Mitten in der COVID-19-Pandemie, im Oktober 2020, führte der US-amerikanische Zoll- und Grenzschutz (CBP) die Smartphone-App CBP One ein, um die Migration stärker zu kontrollieren und zu reduzieren. Die neue Applikation wurde im Kontext zweier bestehender Immigrations- und Grenzmaßnahmen eingeführt, die die Migrationsdynamiken zu dem Zeitpunkt zentral bestimmen: Zum einen das binationale Abkommen Quédate en México („Bleib in Mexiko“, MPP) von 2019 bis 2022, zum anderen das zwischen 2020 und Mitte 2023 verordnete Gesundheitsgesetz, das als Title 42 bekannt ist. Unter dem MPP mussten Asylsuchende monatelang in Mexiko verweilen, während ihr Asylverfahren in den USA verhandelt wurde. Title 42 hingegen erlaubte es der US-amerikanischen Grenzbehörde, vornehmlich mexikanische und zentralamerikanische Menschen, die irregulär die US-amerikanische Grenze überquerten, direkt abzuschieben, ohne ihnen eine Chance auf ein Asylverfahren zu geben. CBP One ist somit ein weiteres Instrument zur Steuerung der Migration sowie zur Reduzierung von irregulären Grenzübertritten und heute das zentrale Tool, das Grenzübertritte reguliert.
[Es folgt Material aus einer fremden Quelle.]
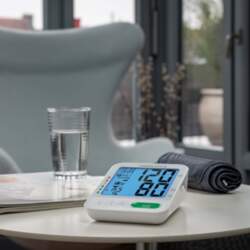 Medisana BU 584 Upper arm Automatic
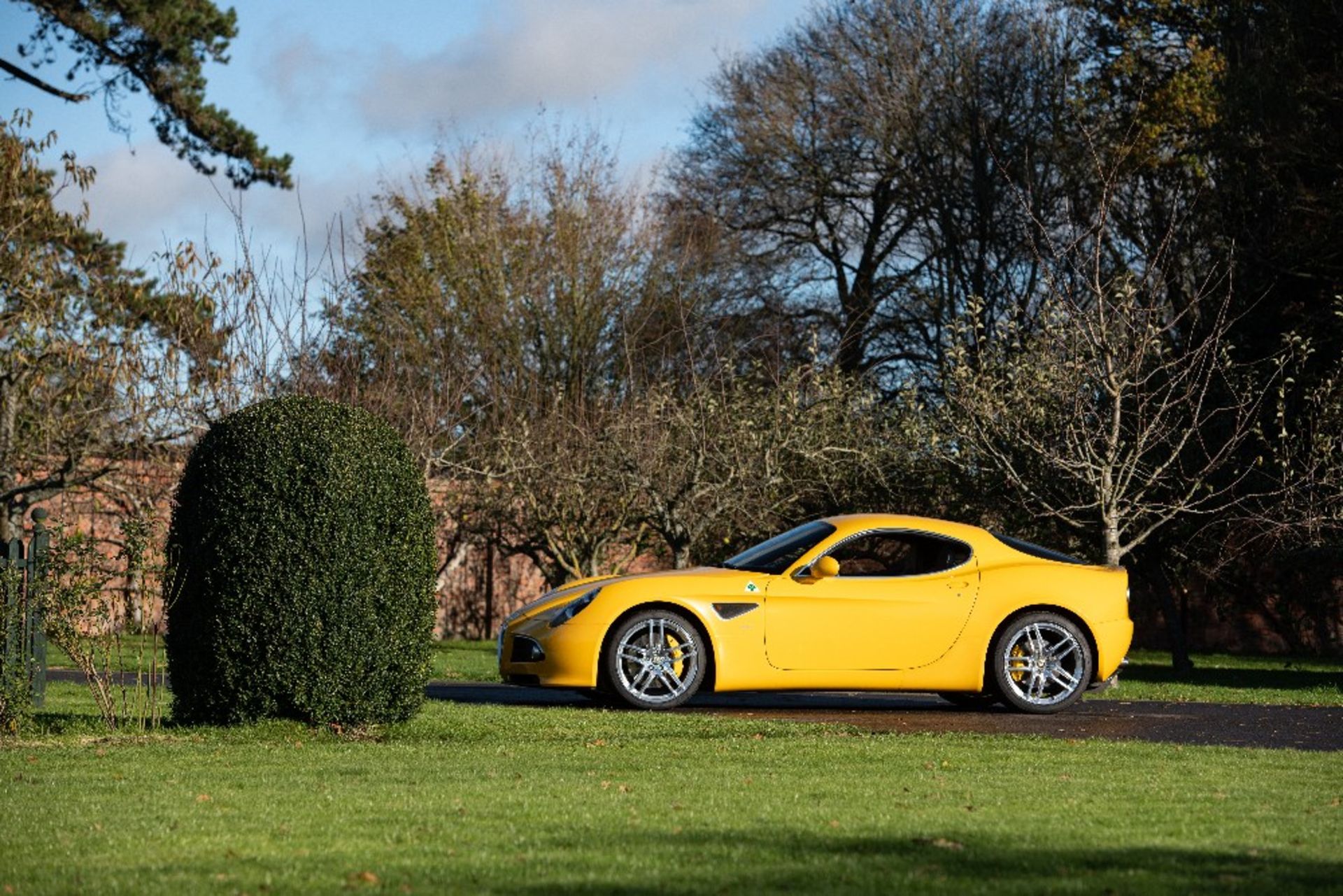 2009 Alfa Romeo 8C Competizione Coup&#233; Chassis no. ZAR92000000044574 - Bild 97 aus 146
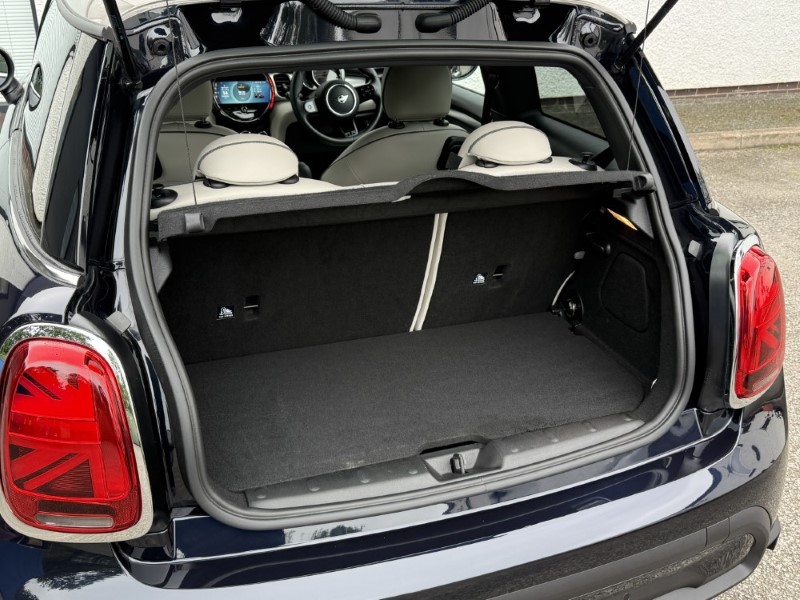 2023 (23) MINI HATCHBACK 1.5 Cooper Exclusive 3dr 5815881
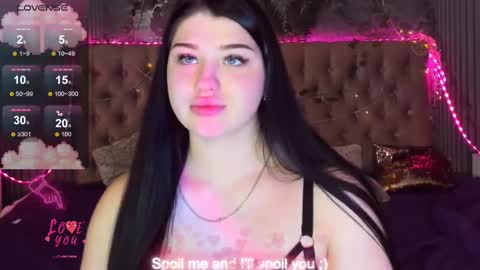 MissMillss online show from February 2025 09:24:01 AM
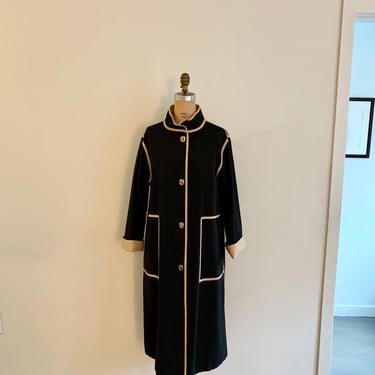 Bonnie Cashin Weatherwear for Russ Taylor black and tan raincoat-size M/L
Lupe Alberto Flores, Anthropologe an der Rice University in Houston, erklärt gegenüber LN, dass die App seit ihrer Einführung bereits für verschiedene Zwecke eingesetzt wurde. Sie kam schon während des MPP zur Anwendung, um Personen zu verifizieren, die in Mexiko auf ihren US-amerikanischen Asylbescheid warteten. Außerdem wurde die App 2021 zur Evakuierung von Menschen aus Afghanistan oder 2022 für die Einreise von Ukrainer*innen im Rahmen des humanitären Schutzprogramms Uniting for Ukraine genutzt. Venezolaner*innen können über die App unter bestimmten Bedingungen im Rahmen eines anderen humanitären Schutzprogramms ihre Asylanträge sogar schon in Venezuela stellen. Bei einem positiven Bescheid dürfen sie direkt mit dem Flugzeug in die USA einfliegen. Kurzum: Wer als Nicht-US-Amerikaner*in über den Landweg die Grenze überqueren will, braucht einen Termin. Dies ist vor allem für das Stellen eines Asylantrags relevant. Wer sich ohne diesen Termin in die USA begibt, kann mit einer Abschiebung und einem fünfjährigen Wiedereinreiseverbot rechnen.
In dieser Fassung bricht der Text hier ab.